Cell phone dead zones

Once you depend on your cellphone or Smartphone, finding yourself in a phone dead zone can be pretty traumatic.

The first thing you need to do is establish whether your difficulty is related to your area, your carrier, your house, or your phone. The remedy to your problem will depend to some degree which of these proves to be the difficulty. The steps given below by
alienintelligence-ga are pretty comprehensive. You can purchase gadgets for as little as $10 (such as the RF SuperBooster Cell Phone Signal Booster) and as much as $250 (Wilson Electronics Desktop Adjustable Gain Cell Phone Signal Booster for Home or Office – For Multiple Users

Using an external antenna on your house is the option most likely to improve your signal. If you are simply in an area of poor signal, it might be the only thing that will work. This involves an investment not just in the antenna, but usually also an adaptor kit to allow your phone to use the antenna. (For example the TE-4102CP23 (with Antenna)Cell Phone Antenna Signal Booster Repeater Amplifier 800Mhz/1900 MHz. You may also choose to have the antenna professionally installed, in order to ensure proper grounding (and to “pass the buck” for any liability to the installer).

This is costly, however, and if you want to keep the price low those little gizmos that attach to your phone are not a very viable option. Feedback on them has been poor. The principle they use, however (Passive Repeater) is genuine. Specialty cellular outlets usually carry the “proper” repeaters, though your mall electronics store may not. They will typically look like either a small antenna, or a flat patch that goes onto your window. Essentially they focus the signal in their immediate vicinity, giving your built-in antenna a “leg up”, so to speak. Be aware that while these are a legitimate and well-recognized product, they do not work in all cases. Before you buy one, check the return policy clearly. These will usually cost less than antennas.

A third choice is to purchase a higher-gain antenna for your cel phone. Most manufacturers make a “Hi-gain” or “Fringe Area” antenna for their handsets, which may be easily changed in-store or by the user at home. These work well, and typically cost much less than external antennas. Again, be sure of your return options in case you do not see an improvement.

Older “bag” cel phones are more powerful than handhelds. These are essentially car-mount cel phones made portable by the addition of a carry case, and either a battery or a plug-in power supply. If you can acquire one of these cheaply, most carriers allow a second phone on your account for a minimal extra charge. Simply forward calls from your handheld to the bag phone while you’re in.

Finally, one more option: if you have a landline (regular phone phone)in the house, just forward your calls! The cost is usually modest, even if your local telco charges for call forwarding. You may also be able to get it bundled with one or more features you already have, getting the forwarding for relatively little.

2 Responses

  1. Passive repeaters are a waste of money.

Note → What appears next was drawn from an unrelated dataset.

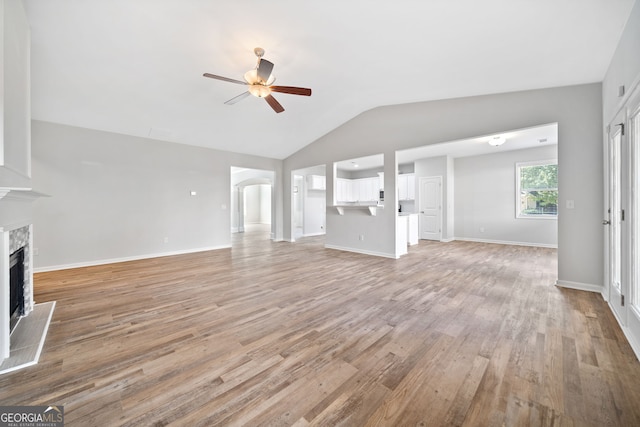 unfurnished living room with vaulted ceiling, light wood-style floors, a ceiling fan, a high end fireplace, and arched walkways
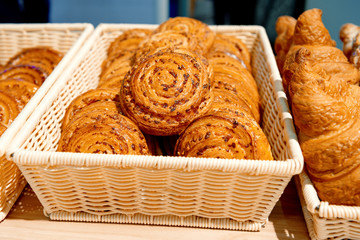 A variety of sweet buns and croissants.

    You need an amplifier, and there are many issues in selecting one. I suggest that if you are not an engineer familiar with RF applications that you call a reputable company such as Wilson and ask to talk with their application engineer before buying a system.

  2. Most ‘bag’ phones are analog not digital and most cell companies have either already phased out analog all together or it’s on it’s last legs. I used to work for Alltel (they primarily support(ed) rural areas) and they phased it out long ago.